Let x=$ \frac{a}{3}$ , y=$ \frac{b}{3}$ , z=$ \frac{c}{3}$ so that $ x+y+z =1.$ Now $ a^{2}+b^{2}+c^{2}$ +$ \frac{4ab}{3}$ =$ (a+b+c)^{2}$- 2$ \sum$ab +$ \frac{4ab}{3}$ which after substitution for a,b c, in terms of x,y,z and using a+b+c =3 becomes $ 9-18(xy+yz+zx-2xyz)$. We will find the maximum of $ xy+yz+zx-2xyz.$ The identity $ x^{3}+y^{3}+z^{3}-3xyz = (x+y+z)(x^{2}+y^{2}+z^{2}-xy-yz-zx)$ , after replacing x+y+z by 1 and some re-arrangement gives $ xy+yz+zx-2xyz$ =$ x^{2}(1-x)$ + $ y^{2}(1-y)$ +$ z^{2}(1-z)$ +$ xyz$ Assume that x $ \leq$ y $ \leq$ z . Then 1-x $ \geq$ 1-y $ \geq$1-z Writing $ \sum$$ x^{2}(1-x)$ as $ \sum(x.x.(1-x) )$ ,Tchebychefs inequality gives $ \frac{\sum(x.x.(1-x)}_{3}$ $ \leq$ $ \frac{\sum(x)}_{3}$.$ \frac{\sum(x)}_{3}$.$ \frac{\sum(1-x)}_{3}$ which gives $ \sum{(x^{2}.(1-x)}$ $ \leq$ $ \frac{6}{27}$ with equality iff x=y=z, Finally by arithmetic-geometric inequality xyz $ \leq$ $ (x+y+z)^{3}/27$ =$ \frac{1}{27}$ with equality iff x=y=z. Putting the two inequalities together gives $ \frac{\sum(x.x.(1-x)}_{3}$ + $ xyz$ $ \leq$ $ \frac{7}{27}$ with equality iff x=y=z.
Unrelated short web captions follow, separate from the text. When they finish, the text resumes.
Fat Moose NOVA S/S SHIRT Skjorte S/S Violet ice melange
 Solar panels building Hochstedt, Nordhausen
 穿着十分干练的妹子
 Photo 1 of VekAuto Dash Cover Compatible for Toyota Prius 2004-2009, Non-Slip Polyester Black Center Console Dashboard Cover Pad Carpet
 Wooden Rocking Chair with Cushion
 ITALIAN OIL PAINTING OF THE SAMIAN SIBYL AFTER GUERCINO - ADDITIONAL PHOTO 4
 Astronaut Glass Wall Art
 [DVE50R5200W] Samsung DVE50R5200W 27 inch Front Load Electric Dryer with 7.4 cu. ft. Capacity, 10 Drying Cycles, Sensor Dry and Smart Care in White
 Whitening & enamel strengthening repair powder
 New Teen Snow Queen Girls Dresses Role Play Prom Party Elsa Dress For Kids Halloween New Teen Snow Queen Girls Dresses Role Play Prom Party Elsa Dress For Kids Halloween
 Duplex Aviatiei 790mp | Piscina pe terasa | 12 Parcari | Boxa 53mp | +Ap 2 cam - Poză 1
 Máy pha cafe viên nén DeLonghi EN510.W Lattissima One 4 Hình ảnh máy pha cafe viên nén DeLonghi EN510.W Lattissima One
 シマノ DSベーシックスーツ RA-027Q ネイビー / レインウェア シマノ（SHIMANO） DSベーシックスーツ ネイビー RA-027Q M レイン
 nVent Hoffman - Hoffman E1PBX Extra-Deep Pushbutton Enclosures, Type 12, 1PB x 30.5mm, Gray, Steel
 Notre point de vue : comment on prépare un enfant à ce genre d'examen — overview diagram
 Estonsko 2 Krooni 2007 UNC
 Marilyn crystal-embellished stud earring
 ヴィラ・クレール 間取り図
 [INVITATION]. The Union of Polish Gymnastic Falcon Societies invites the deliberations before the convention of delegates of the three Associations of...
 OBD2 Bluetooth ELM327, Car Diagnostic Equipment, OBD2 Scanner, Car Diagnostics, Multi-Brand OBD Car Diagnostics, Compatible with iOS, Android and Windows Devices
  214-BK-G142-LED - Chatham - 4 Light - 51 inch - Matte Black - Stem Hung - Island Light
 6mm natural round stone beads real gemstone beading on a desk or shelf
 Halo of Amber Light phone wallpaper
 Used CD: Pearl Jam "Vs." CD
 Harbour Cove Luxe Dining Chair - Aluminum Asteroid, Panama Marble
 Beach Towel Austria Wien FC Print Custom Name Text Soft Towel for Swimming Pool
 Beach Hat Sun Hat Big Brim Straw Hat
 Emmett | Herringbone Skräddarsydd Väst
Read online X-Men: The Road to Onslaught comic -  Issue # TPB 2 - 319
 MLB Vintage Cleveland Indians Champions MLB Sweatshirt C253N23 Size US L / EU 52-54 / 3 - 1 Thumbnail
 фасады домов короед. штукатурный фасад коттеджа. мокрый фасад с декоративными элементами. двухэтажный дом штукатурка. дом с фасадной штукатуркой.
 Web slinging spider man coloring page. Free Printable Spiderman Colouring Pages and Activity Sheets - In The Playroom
Thus the greatest value of $ xy+yz+zx-2xyz$ is $ \frac{7}{27}$ and it follows that the least value of $ 9-18(xy-yz-zx-2xyz)$ is $ \frac{13}{3}$ This problem is essentially Q1 from IMO 1984.

From substituting a=x+y,b=y+z and c=z+x, we get, that x+y+z=3/2. After changing $ a^{2}+b^{2}+c^{2}+4/3abc$ by x,y and z, we get: $ a^{2}+b^{2}+c^{2}+4abc/3 = 1/6(27-8xyz)\geq 1/6(27-1) = 13/3$,(By Cauchy) with equality if x=y=z=3/2,or a=b=c=1. So min(a^{2}+b^{2}+c^{2}+4abc/3)=13/3.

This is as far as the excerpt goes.